Bunda akıl karıştıracak ne var ki, her markete daldığınızda, kullandığınız poşet çarpı yirmi beş kuruş çıkacak cebimizden.
Kim akıl etmişse iyi düşünmüş!
Kılıfta çok şatafatlı, bu yasayla çevre kirliliği korunacakmış!!
Sen onu milletin külahına anlat be kardeşim.
Kendini öyle uyanık zannediyorsun ki, sinekten yağ çıkarmak isterken bile milletin gözünün içine baka baka gerçek niyetini saklıyor, şatafatlı lafların arkasına sığınıyorsun.
Tıpkı, açılım adı altında; teröre ülkenin bir bölgesini telsim ederken, gerçek niyetini kamufle etmek için “anaların gözyaşı akmasın” dediğin gibi şimdi de poşetten alacağın 25 kuruşu kamufle etmek için “çevre kirliliği koruma” bahanesi, senin kamuflajlı yüzün.
Mert değilsin be kardeşim.
Çıkıp erkekçe ekonomi çok kötü, benin yirmi beş kuruşa ihtiyacım var diyemiyorsun.
Tüketici nereye gitse sana haraç ödüyor.
Eczaneye gidiyor, ilaçtan fark alıyorsun.
Aile hekimine gidiyor doktor ücreti kesiyorsun.
Hastanelerde maşından kesinti yapıyorsun.
Çekinme söyleyiver gari, sen bir hukuk devlet misin yoksa Deli Dumrul mu?
Deli Durul hikâyesini okumayan nesil lütfen Dede Korkut Hikâyelerine bir göz gezdirsin.

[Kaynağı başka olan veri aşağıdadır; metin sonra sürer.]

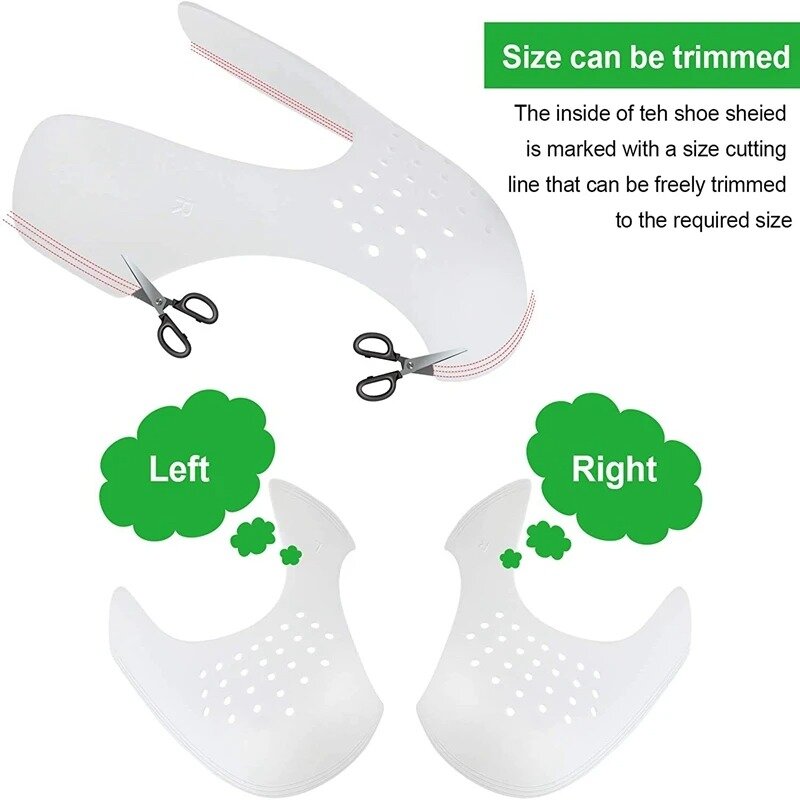 1 Paar leichter Anti-Falten-Schutz Anti-Falten-Biegung Stütz schuh Zehen knitter festigkeit geeignet für Sportschuhe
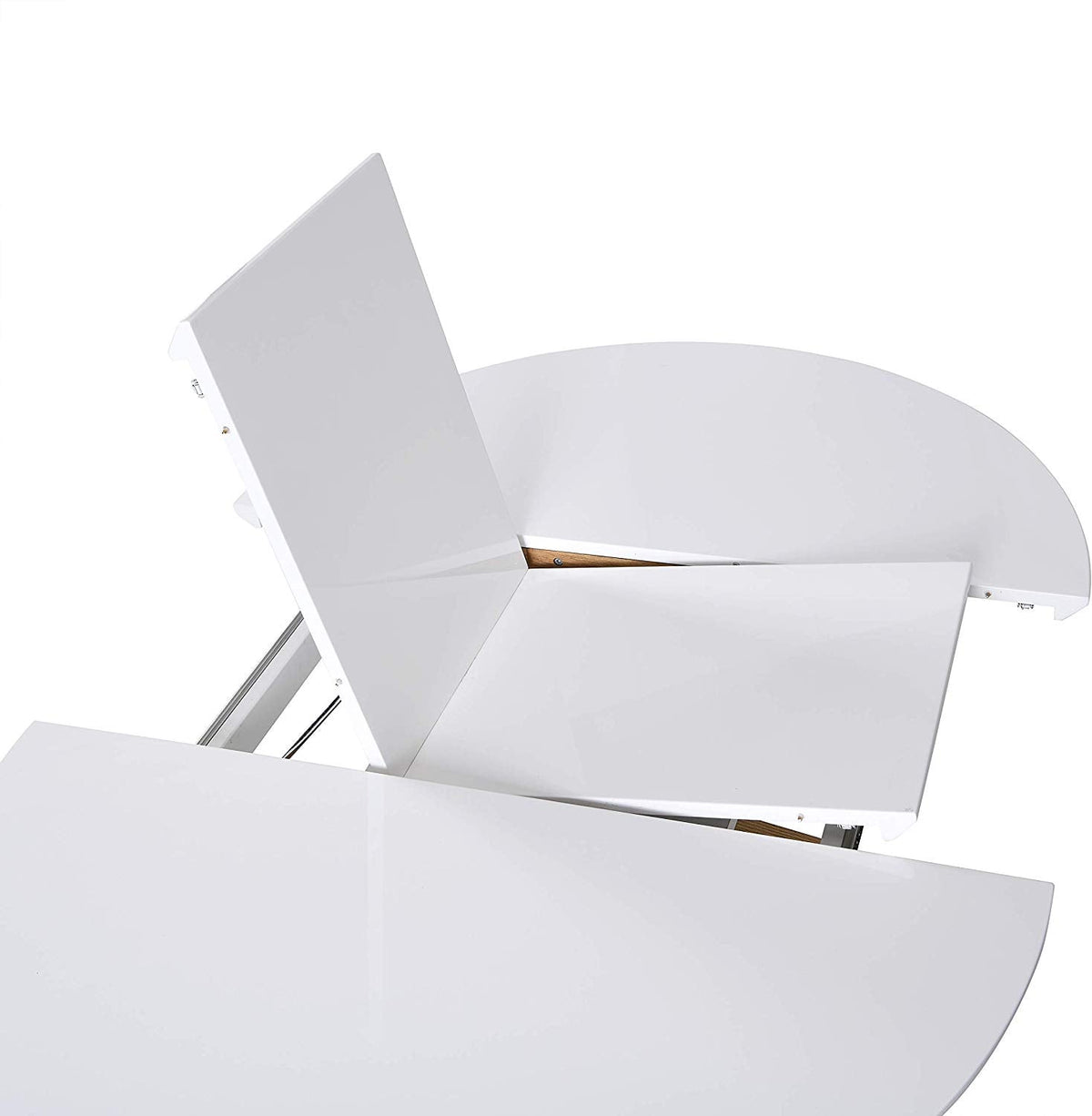 Grenchen Round to Oval 4 to 6-Seater White High Gloss Extendable Dining Table — view 7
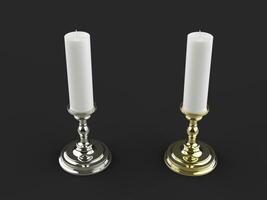 Silver and gold candle holders with white wax candles - top view photo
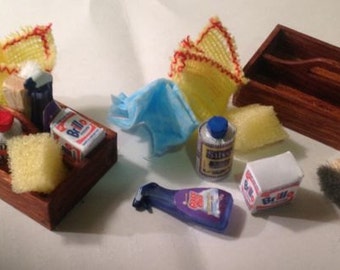 Dolls House Miniatures- 1/12th Handmade Cleaning Box Kit
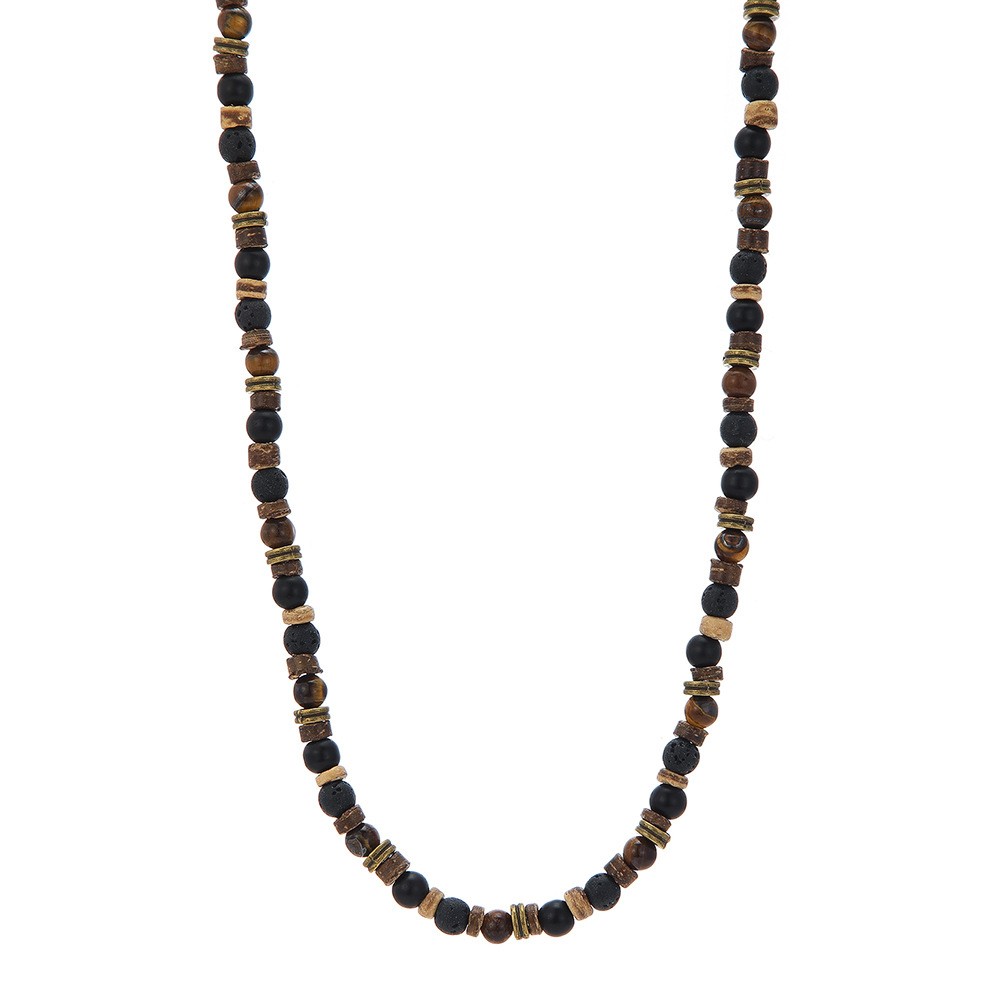 Mens Boho Necklace Tiger Eye Lava Stone Wood Beads Surfer Handmade Choker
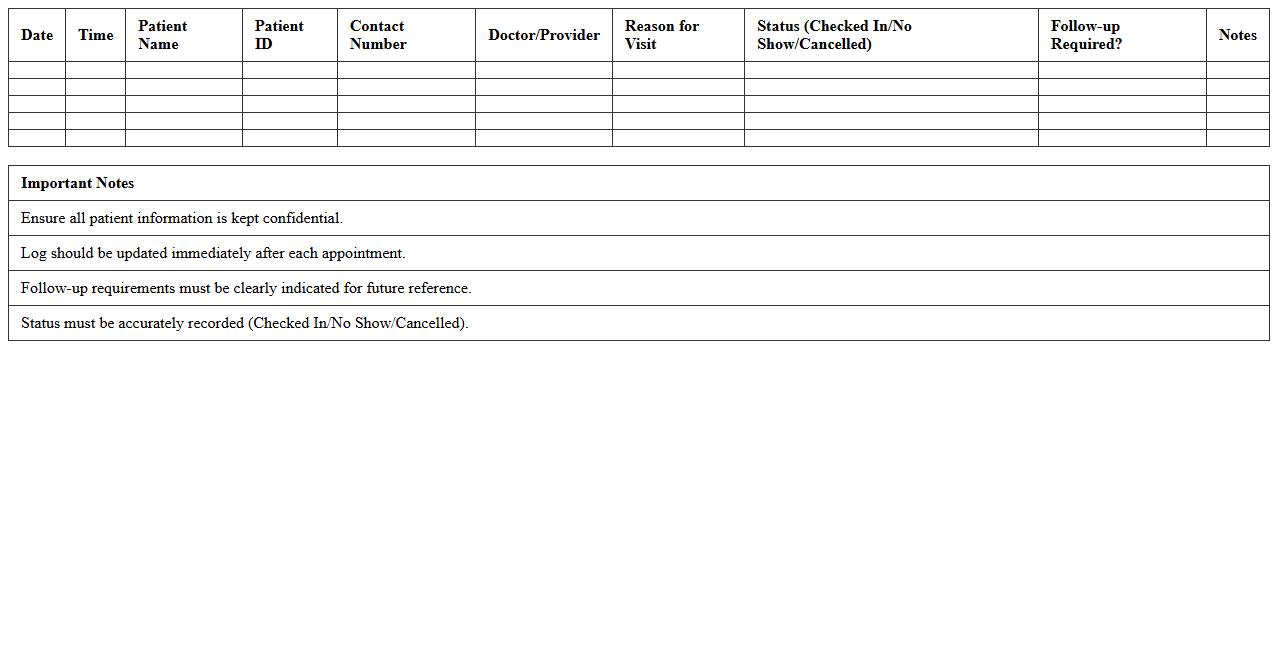 Healthcare Patient Appointment Log Sheet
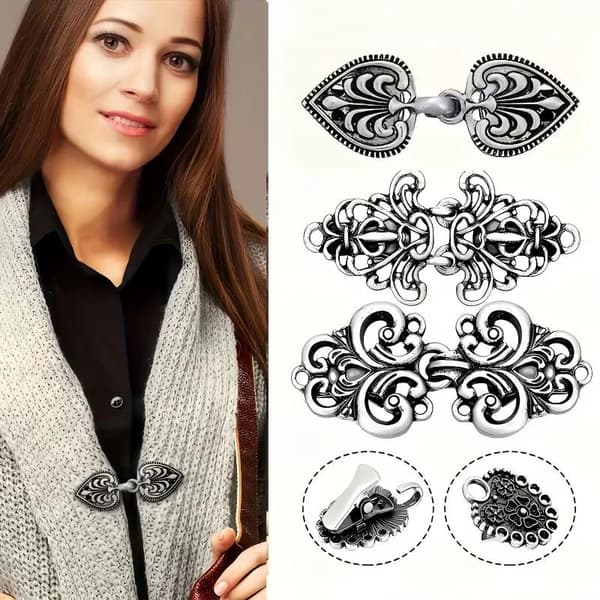 Mode Vinter Syning Cardigan Klips Sweater Bluse Nål Sjal Broche A7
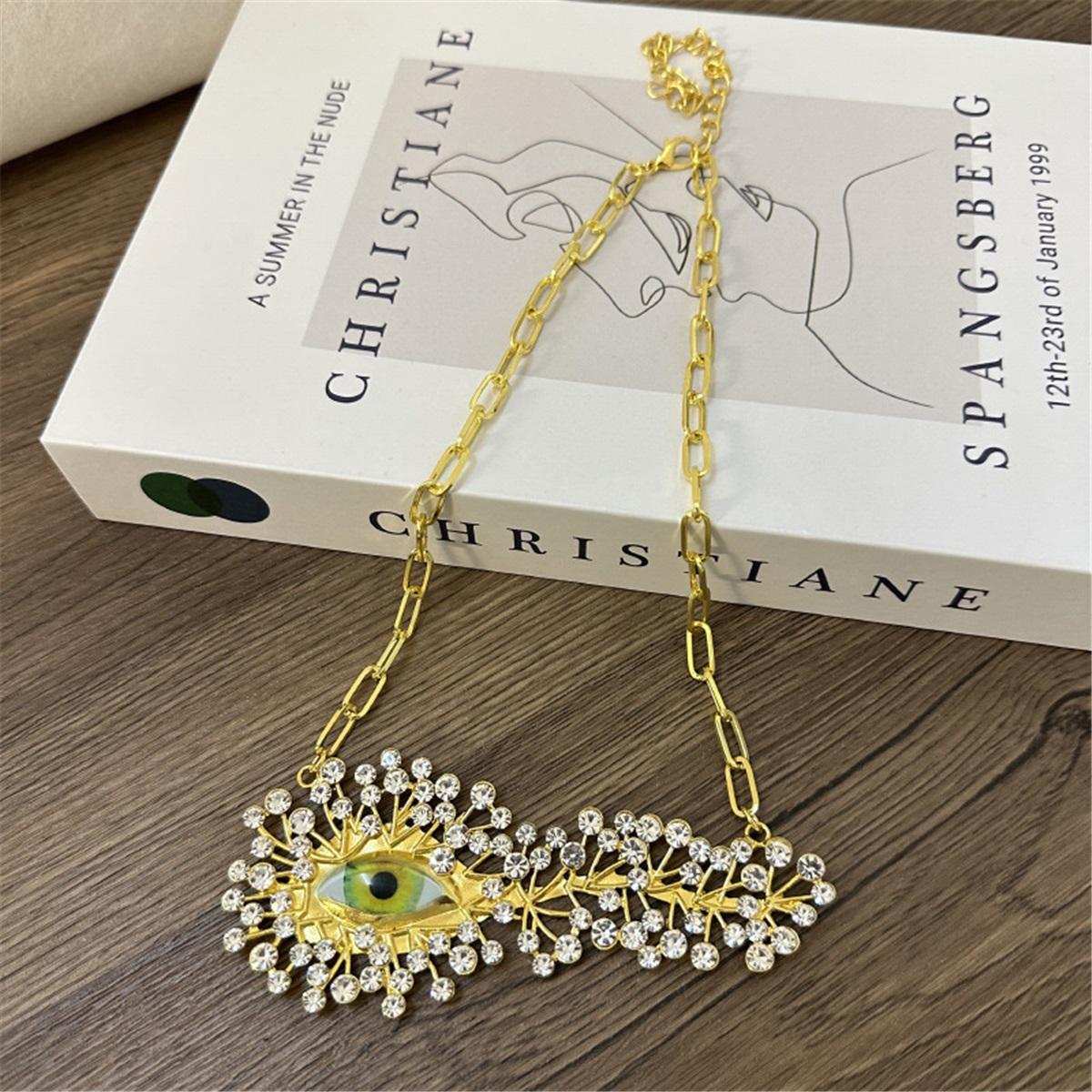 

Tooxika French Paris Style Personality Burst Eyes Full Of Diamonds Necklace Light Luxury Senior Sense Of Fashion Runway Collarbone Chain For Women золотой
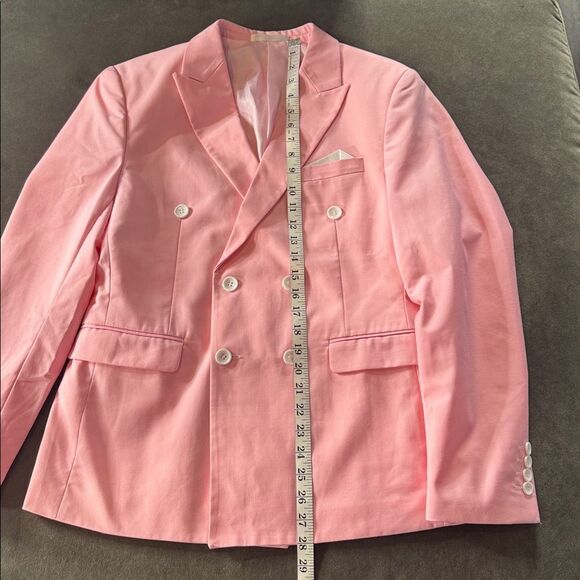 Men’s Pink Slim Fit 2 Piece Suit Double Breasted Peak Lapel Jacket 38 Pants 34 - Picture 6 of 13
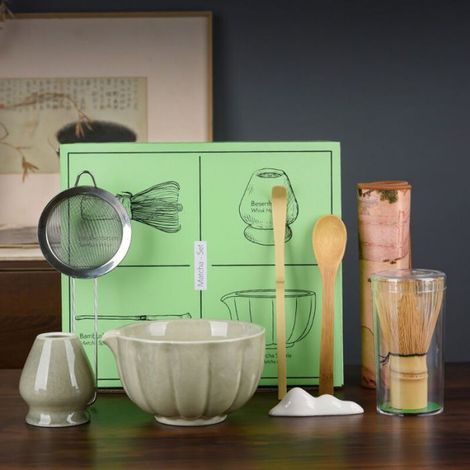 Coffret Matcha - 8 Pièces Cérémonie Japonaise - Bol Céramique Fouet Bambou Cuillère Torchon Support - 1 Set (1/5)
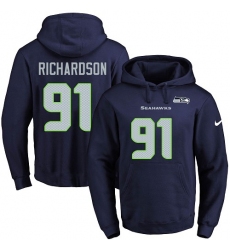 NFL Men's Nike Seattle Seahawks #91 Sheldon Richardson Navy Blue Name & Number Pullover Hoodie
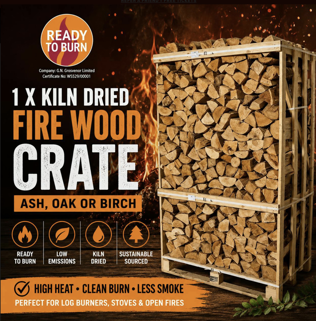 CLONE - 1 X KILN DRIED FIRE WOOD CRATE - ASH, OAK OR BIRCH Parent 4 (3 day) REBORN #24 #2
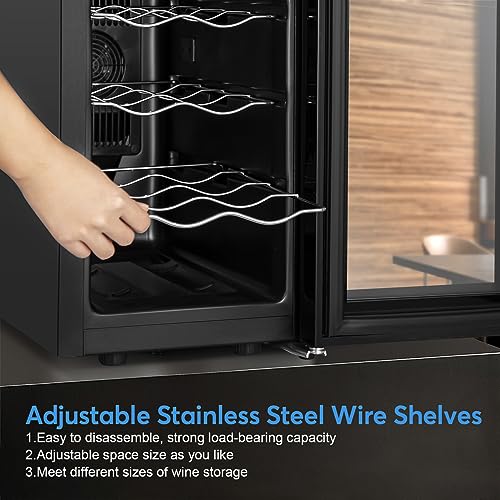 FoMupWine and Beverage RefrigeratorWith Glass Door,24-Inch Dual Zone Fridge Under Counter - 18 Bottle and 65 CanLarge CapacityLed BlueLight Smart Fast Cooling Cooler,Black Stainless Steel (FM24D)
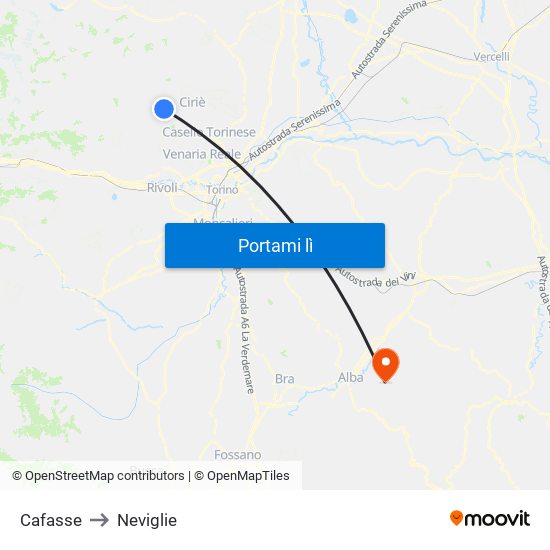 Cafasse to Neviglie map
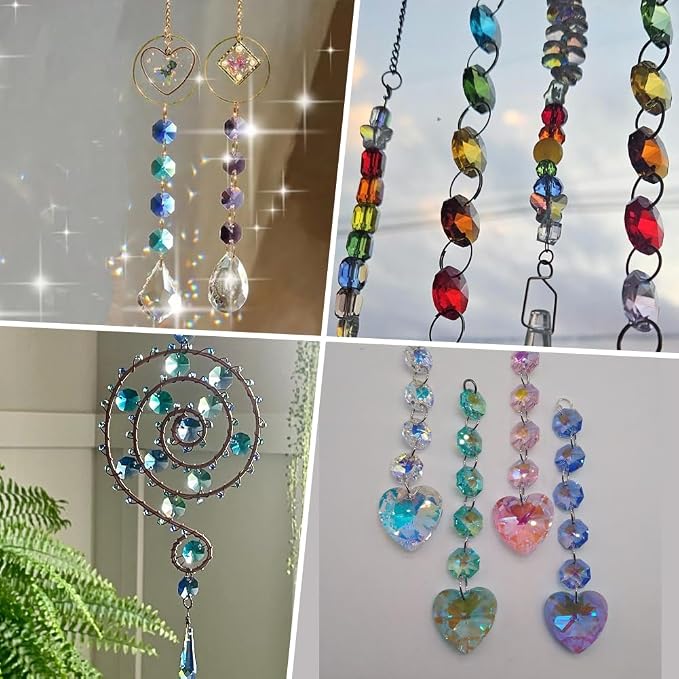 1 Box 120Pcs 14mm Glass Octagon Beads 2 Hole Crystal Prism Beads Sun Catcher Dark Cyan Chandelier Replacement Connector Faceted Spacers for Suncatchers DIY Lamp Hanging Pendants Jewellery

O zaman köprüden geçenden 33 akçe, geçmeyenden döve döve 40 akçe; nasıl alındığını görecek ve bu gün tüketiciye uygulanan sistemin bir hukuk devletiyle bağdaşmadığını; Duha Koca Oğlu Deli Dumrul sistemi olduğunu kavrayacaktır.
Kavramak yeter mi?
Elbette yetmez. Osho diyor ki “Kendine saygının büyüsü, kendi farkındalığına uyanmaktır”.